Cette stratégie d’adaptation, souvent intuitive, repose sur un équilibre subtil entre tradition et modernité : plutôt que d’entrer en conflit avec les normes locales, ces femmes les contournent, les redéfinissent à leur manière et ouvrent des voies nouvelles pour les générations suivantes.
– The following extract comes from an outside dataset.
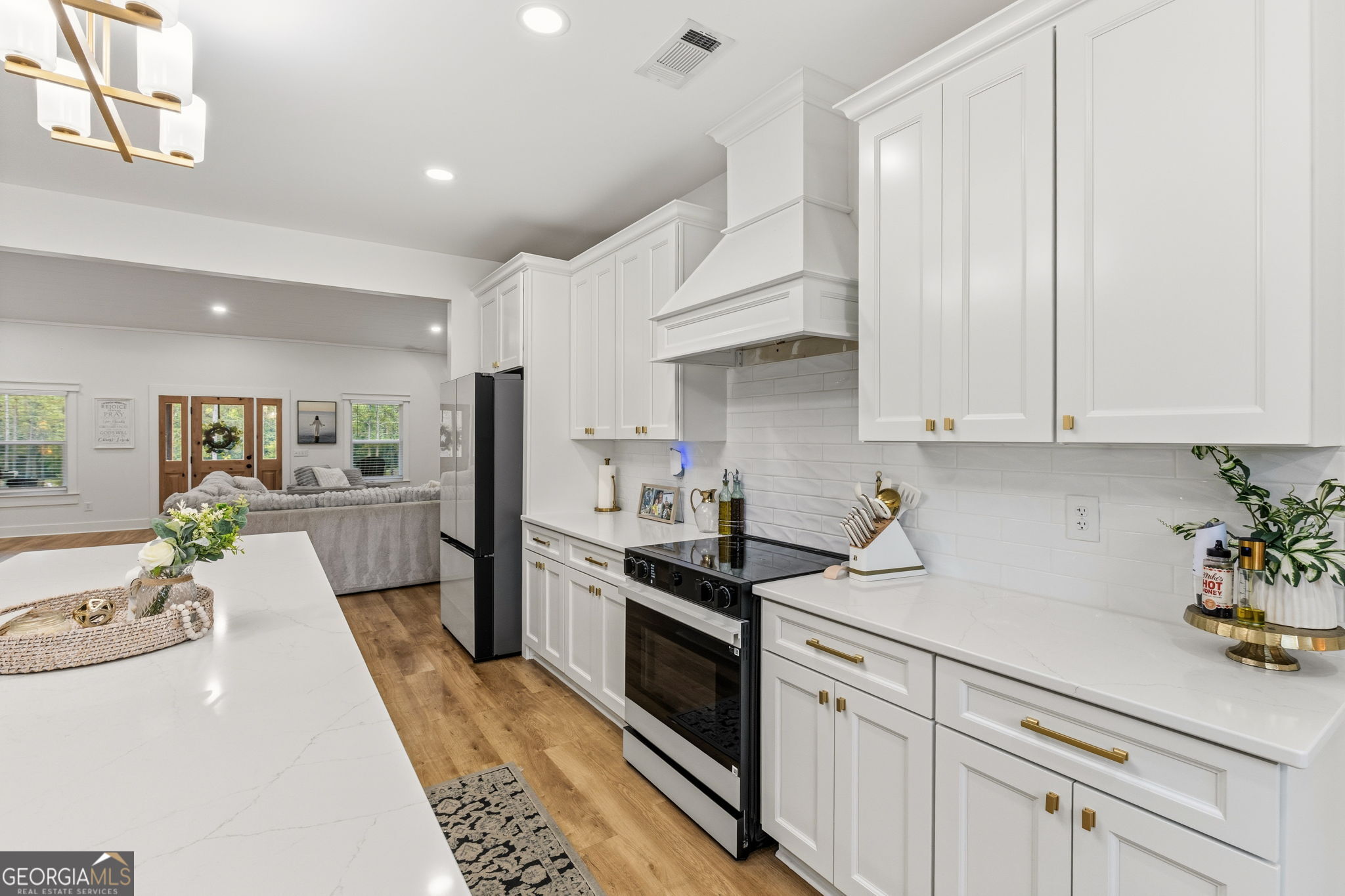 51 Prong Road Swainsboro, GA 30401 - Photo 17 of 55 a kitchen with white cabinets and appliances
Un développement encore freiné par l’informel
Cependant, une grande partie de cet entrepreneuriat féminin reste cantonnée au secteur informel. Beaucoup d’activités se développent en marge des dispositifs publics d’appui, souvent trop complexes ou inaccessibles pour les petites structures. L’accès au financement, à la formation et aux marchés reste limité. Pourtant, c’est dans ce secteur non structuré que s’exprime la vitalité la plus forte : celle d’une économie féminine de proximité, ancrée dans les réalités locales, créative et solidaire. Le défi des prochaines années sera de mieux relier ces initiatives à l’économie formelle, en offrant à ces femmes les outils et la reconnaissance nécessaires pour franchir une nouvelle étape dans leur développement.
Une économie au féminin pluriel
Du souk traditionnel aux enseignes modernes, le commerce au féminin s’impose aujourd’hui en Algérie comme une force discrète mais déterminante de la vie économique et sociale. Il révèle un modèle de croissance fondé sur la solidarité, la résilience et la réinvention quotidienne. Plus qu’une simple évolution économique, c’est un changement de paradigme : celui d’un pays où les femmes ne se contentent plus de participer à la vie économique, mais contribuent activement à la transformer. Elles ne réclament pas une place, elles la prennent – calmement, efficacement, durablement. Et ce faisant, elles redessinent le visage de l’économie nationale, à la fois plus inclusive, plus ancrée et plus humaine.